Quote of the day - Beach Boys / Kokomo

Off the Florida Keys, there's a place called Kokomo
That's where you wanna go to get away from it all
Bodies in the sand, tropical drinks melting in your hand,
We'll be falling in love to the rhythm of a steel drum band,
Down in Kokomo...


A Classe de 70 iniciou a época balnear com dois saltinhos à Apúlia e a Labruge, e está em condições de assegurar que a nortada está tão boa como no ano passado.
Nada melhor do que chamar à colação a summer tune entre todas as summer tunes, a canção que sempre nos faz sentir com os pés molhados e a beber água de coco, nada mais nada menos que o tema do concerteza infame Cocktail (de que tenho a sorte de só conhecer o trailer).
Dada a mediocridade do vídeo da versão original, e na falta de clip para a melhor versão desta musica (a de Adam Greem e Ben Kweller), temos o grato prazer de vos proporcionar um reencontro com Cocas e Gonzo. E boa praia para todos!


02 junho 2006

Quote of the day - Rolling Stones / Paint it, black

I see a red door and I want it painted black
No colors anymore I want them to turn black
I see the girls walk by dressed in their summer clothes
I have to turn my head until my darkness goes

A Classe de 70 rendeu-se ao negro.



Não tem nada a ver com a cítara do Brian Jones, nem com os arranjos que o Bill Wyman diz que foram dele. Apesar de ser um canção do caraças, como eles sabiam fazer há 40 anos. Ora vejam aqui e digam lá que não.
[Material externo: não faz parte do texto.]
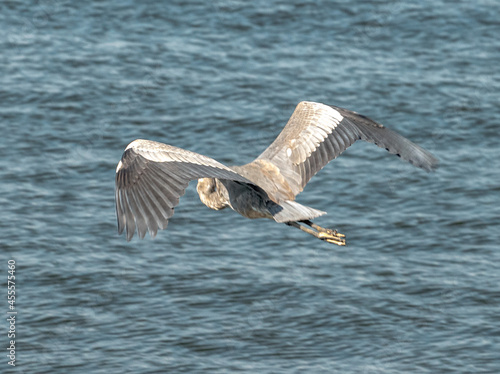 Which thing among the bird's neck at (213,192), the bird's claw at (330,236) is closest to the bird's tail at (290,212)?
the bird's neck at (213,192)

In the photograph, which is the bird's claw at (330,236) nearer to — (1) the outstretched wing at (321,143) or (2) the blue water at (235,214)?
(1) the outstretched wing at (321,143)

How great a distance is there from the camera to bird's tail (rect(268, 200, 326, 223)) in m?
9.44

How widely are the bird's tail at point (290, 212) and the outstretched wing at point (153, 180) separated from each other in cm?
63

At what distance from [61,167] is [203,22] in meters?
6.04

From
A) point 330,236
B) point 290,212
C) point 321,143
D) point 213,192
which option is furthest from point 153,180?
point 321,143

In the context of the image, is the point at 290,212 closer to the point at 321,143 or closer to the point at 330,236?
the point at 330,236

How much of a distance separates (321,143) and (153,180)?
2533 mm

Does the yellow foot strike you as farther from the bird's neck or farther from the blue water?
the blue water

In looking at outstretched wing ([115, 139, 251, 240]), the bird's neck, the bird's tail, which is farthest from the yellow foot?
outstretched wing ([115, 139, 251, 240])

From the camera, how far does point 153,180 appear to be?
8781mm

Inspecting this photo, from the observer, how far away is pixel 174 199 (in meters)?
8.55

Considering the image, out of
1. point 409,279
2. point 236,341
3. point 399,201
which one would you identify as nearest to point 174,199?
point 236,341

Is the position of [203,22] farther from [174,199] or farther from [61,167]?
[174,199]

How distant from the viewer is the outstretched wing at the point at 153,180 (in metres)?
8.34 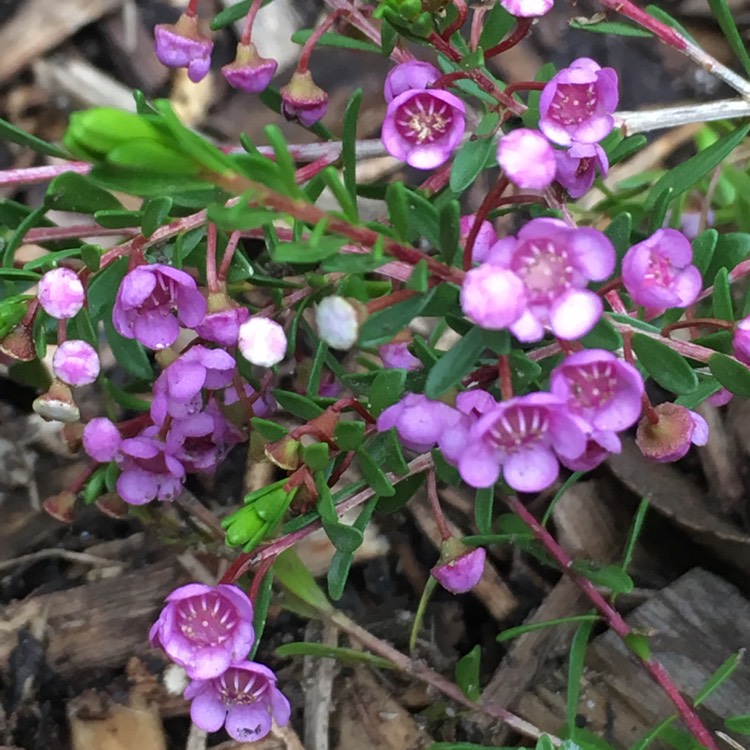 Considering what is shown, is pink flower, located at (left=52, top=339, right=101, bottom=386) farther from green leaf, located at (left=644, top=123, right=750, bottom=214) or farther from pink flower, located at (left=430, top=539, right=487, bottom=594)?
green leaf, located at (left=644, top=123, right=750, bottom=214)

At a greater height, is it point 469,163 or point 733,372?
point 469,163

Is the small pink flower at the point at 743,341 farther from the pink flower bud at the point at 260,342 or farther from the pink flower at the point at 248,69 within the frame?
the pink flower at the point at 248,69

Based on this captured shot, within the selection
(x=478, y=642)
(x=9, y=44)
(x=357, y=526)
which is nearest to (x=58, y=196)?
(x=357, y=526)

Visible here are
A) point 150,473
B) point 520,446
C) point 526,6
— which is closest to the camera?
point 520,446

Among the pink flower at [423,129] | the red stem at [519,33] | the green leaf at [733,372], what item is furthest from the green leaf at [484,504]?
the red stem at [519,33]

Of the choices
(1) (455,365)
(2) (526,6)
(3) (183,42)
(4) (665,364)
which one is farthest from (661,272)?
(3) (183,42)

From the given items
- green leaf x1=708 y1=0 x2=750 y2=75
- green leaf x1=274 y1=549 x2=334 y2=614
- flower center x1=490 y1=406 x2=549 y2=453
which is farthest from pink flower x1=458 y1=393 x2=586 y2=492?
green leaf x1=708 y1=0 x2=750 y2=75

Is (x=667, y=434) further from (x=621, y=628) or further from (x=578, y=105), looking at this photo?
(x=621, y=628) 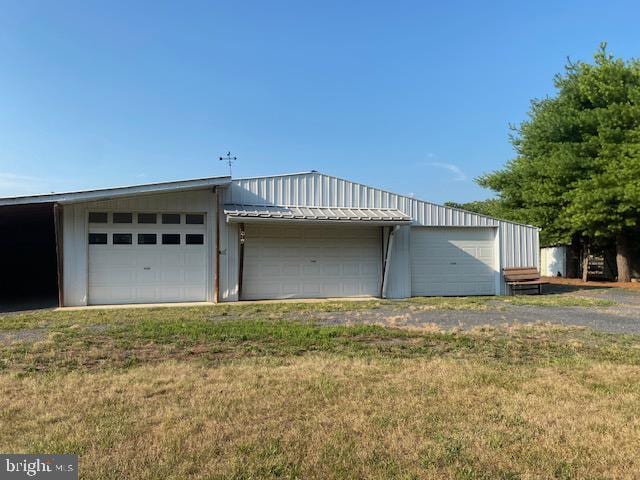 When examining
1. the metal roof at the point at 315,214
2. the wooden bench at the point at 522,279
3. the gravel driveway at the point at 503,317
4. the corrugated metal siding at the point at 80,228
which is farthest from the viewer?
the wooden bench at the point at 522,279

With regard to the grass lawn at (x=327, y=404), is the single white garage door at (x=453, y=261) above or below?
above

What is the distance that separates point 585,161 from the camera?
17641 millimetres

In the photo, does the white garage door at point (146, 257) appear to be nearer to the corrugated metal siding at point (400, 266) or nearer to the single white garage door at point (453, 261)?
the corrugated metal siding at point (400, 266)

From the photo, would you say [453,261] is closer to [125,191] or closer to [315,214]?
[315,214]

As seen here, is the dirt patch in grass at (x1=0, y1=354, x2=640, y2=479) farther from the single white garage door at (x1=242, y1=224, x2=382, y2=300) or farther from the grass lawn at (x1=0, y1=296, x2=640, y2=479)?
the single white garage door at (x1=242, y1=224, x2=382, y2=300)

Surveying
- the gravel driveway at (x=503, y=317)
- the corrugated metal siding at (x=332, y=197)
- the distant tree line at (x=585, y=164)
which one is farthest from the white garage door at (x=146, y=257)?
the distant tree line at (x=585, y=164)

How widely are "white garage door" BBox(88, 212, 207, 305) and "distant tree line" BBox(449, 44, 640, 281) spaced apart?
1357 cm

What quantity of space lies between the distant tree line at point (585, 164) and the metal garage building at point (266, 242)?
10.9 ft

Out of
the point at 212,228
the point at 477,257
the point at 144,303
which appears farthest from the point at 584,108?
the point at 144,303

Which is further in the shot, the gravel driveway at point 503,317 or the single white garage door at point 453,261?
the single white garage door at point 453,261

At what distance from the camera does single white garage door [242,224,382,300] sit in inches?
518

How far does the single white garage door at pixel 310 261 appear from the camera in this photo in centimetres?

Muito menos é para imitar o look de tantos blogues amigos, ou só conhecidos, em que se fala mais ou menos das mesmas coisas de que se fala aqui, e que quase invariavelmente têm um fundo preto. Não: o que se passa mesmo é que me pus a mexer no template anterior, e a coisa ficou de tal forma defeituosa que o melhor foi mesmo mudar de roupa. E como este parece mais user-friendly, lá tive que me juntar ao grupo de corvos. Crwaaaaaaaaak!